1919年4月1日の学長就任と同時に、学校名を「ワイマ-ル国立バウハウス」とし、1925年にデッサウへ移転後、新しいバウハウス校舎を設計します。
1928年4月まで、年令にして36歳から45歳まで、バウハウスの学長を勤め、1921年3月から1925年4月まで、指物部の形態マイスタ-としても活躍しました。
1934年から1937年まで、ロンドンでマックスウェル・フライと事務所を共同経営。
その後、1937年にアメリカへ移住しますが、アメリカでのグロピウスの実作はそれほど多くありません。
しかし1952年まで務めたハーバード大学建築科教授時代に、大学教育を通じて、アメリカにおけるモダニズム建築の普及に多大な影響力を持ちました。
その後の超高層ビルにおけるインターナショナルスタイルの普及は、ミースやSOMの手にゆだねられることになります。
1969年、ボストンにて86歳で死去。
 
 
バウハウスについて

ドイツのワイマール市に開校された造形芸術学校。
(Bauhaus 1919-1933)ドイツ語で建築の家」を意味します。

バウハウスは、ヴァルター・グロピウスによって1919年ワイマ-ル国立バウハウスとして成立。
設立当初は、単なる建築家を養成する造形学校でしたが、後にバウハウスのモダニズム思想は極めてアバンギャルドな性格を持ち、
教育運動、造形運動、工房活動などの様々な特性が、その後の時代に決定的な影響を与えました。

バウハウスとはデザイン様式のことをいうのではなく、近代産業革命によって工業製品の大量生産化の発展により、

その渦の中へ取り込まれてしまった芸術を救い出すために、温かみがある手工業芸術を復活させて
美術芸術意識全体を向上させるという思いのもと、
「建築」という目標を掲げた、いわば一般に対して広く意識させることを目標とした、
教育システムのことです。


しかし当時としては斬新な考えのため、保守層には攻撃をうけますが、
グロピウスは職人的手仕事の復興を唱え、
芸術家や建築家のために専門の教育を行いました。

生活機能の基本である「建築
のもと、彫刻・絵画・工芸などの諸芸術と職人的手工作など、一切の造形活動を結集して、
芸術と技術の再統一を図るという教育理念のもと実施し、デザイン運動のひとつの頂点を極めたものとして、高く評価されています。

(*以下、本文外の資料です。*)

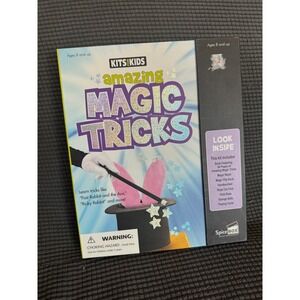SpiceBox Kits for‎ Kids Amazing Magic Tricks 40 tricks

1926年にグロピウス自身が設計したデッサウのバウハウス校舎から、近代工業が発展しつつある当時において、
その生産形式・生活様式に応じた芸術のあり方を示しました。
その後、校長はハンネス・マイヤーを経て1930年ミース・ファン・デル・ローエに代わりますが、
バウハウスは1932年ベルリンへの移転、
1933年にはナチス政権によって閉校に追い込まれて、14年間の短い歴史に幕を下ろしましました。

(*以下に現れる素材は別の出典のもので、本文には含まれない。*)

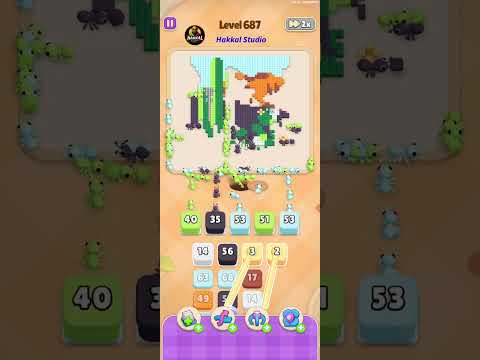 Colony Flow Level 687 | New Update | Walkthrough Solution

モダニズム建築に多大な影響をもたらしたバウハウスですが、
その中でもバウハウスの主唱者たちによる作品とデザインは、
今でもなお世界中に影響を与え続けています。
特に
グラフィックデザインおよび家具デザインの分野でバウハウスが主張する「芸術と技術の統一」は、理想的な方法で成果をあげてます。

その後の
ミースグロピウスに遅れること1年後の1938年にアメリカへ移住し、
シカゴのアーマー大学(現在のイリノイ工科大学)の教授を務めています。